This rather wonky release explores a little-known aspect of the music of
Domenico Scarlatti -- or at least that's what the outside of the package leads you to believe.
Scarlatti is best known for his hundreds of small, mostly single-movement harpsichord sonatas, miniature wonders nearly every one, with a plethora of sounds and rhythmic effects absorbed during the composer's long residence in Spain. But he also worked in many other genres over his long career, and he wrote some competent fugues and other polyphonic organ pieces that are included on this album.
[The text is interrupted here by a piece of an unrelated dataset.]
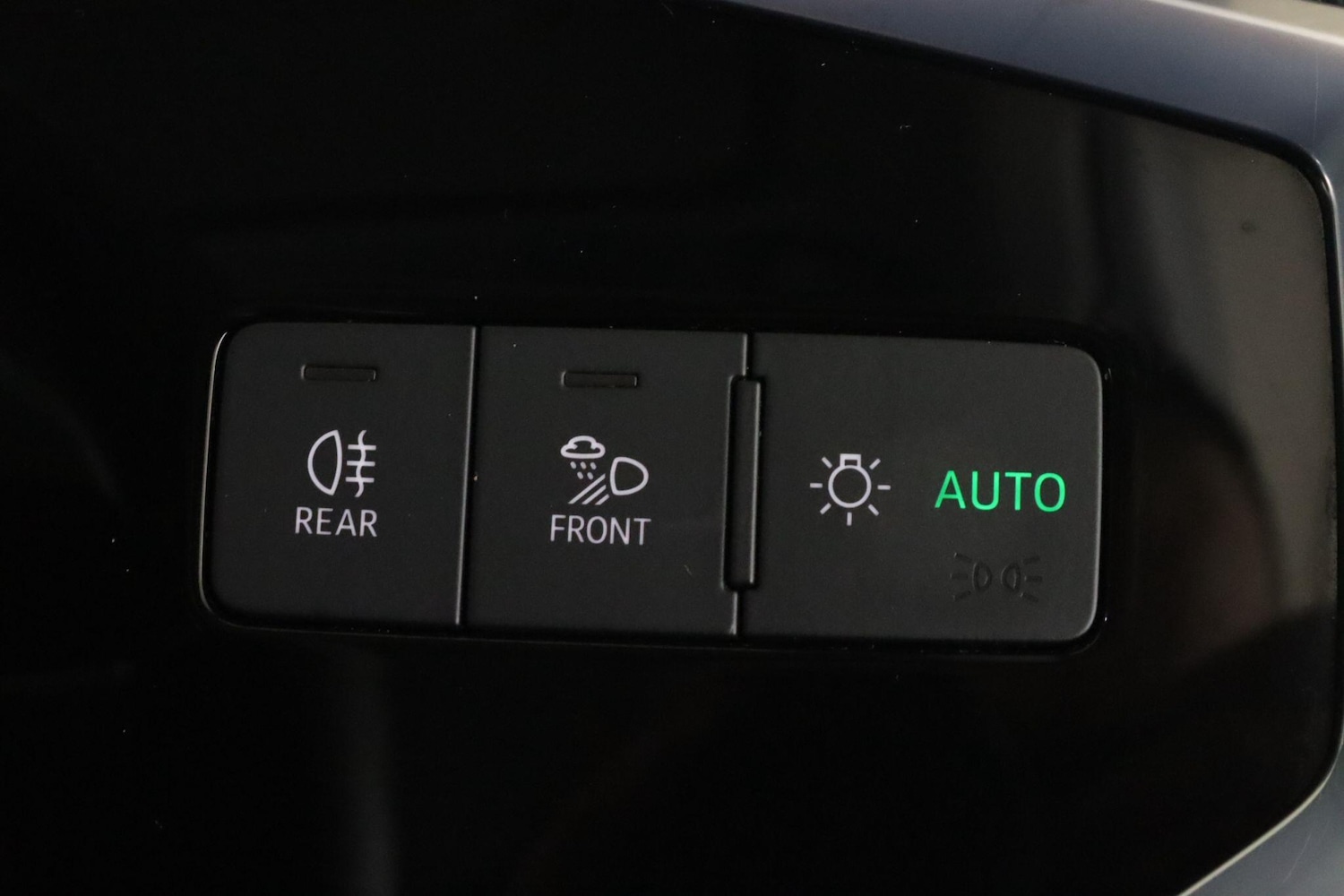 Used Audi Q3 2020 for sale - 76336396: Photo 19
The problem is that you get only half of what you pay for. Although they bury this information in the zillionth paragraph of the liner notes, the compilers of this CD argue that distinctions between keyboard instruments were not fixed during the Baroque, and thus that performance of harpsichord pieces on the organ is valid. In the abstract there's something to this idea, but as executed here it is musically unsatisfying. Some of these works are harpsichord pieces, pure and simple, and they depend structurally on contrasts and types of articulation that do not come off on the organ. The Sonata in C major, K. 117 (track 9), is a good example, as organist
Maria Cecilia Farina concedes in her technically formidable liner notes. She doesn't tell you the half of it; it's not just
Scarlatti's "flamenco-like harmonies" (a questionable term in itself) that don't work on the organ, it's likewise the sharp, sudden runs that are such a delicious part of his vocabulary. Organists looking for unfamiliar repertoire may find this interesting, but for most buyers it's basically a curiosity.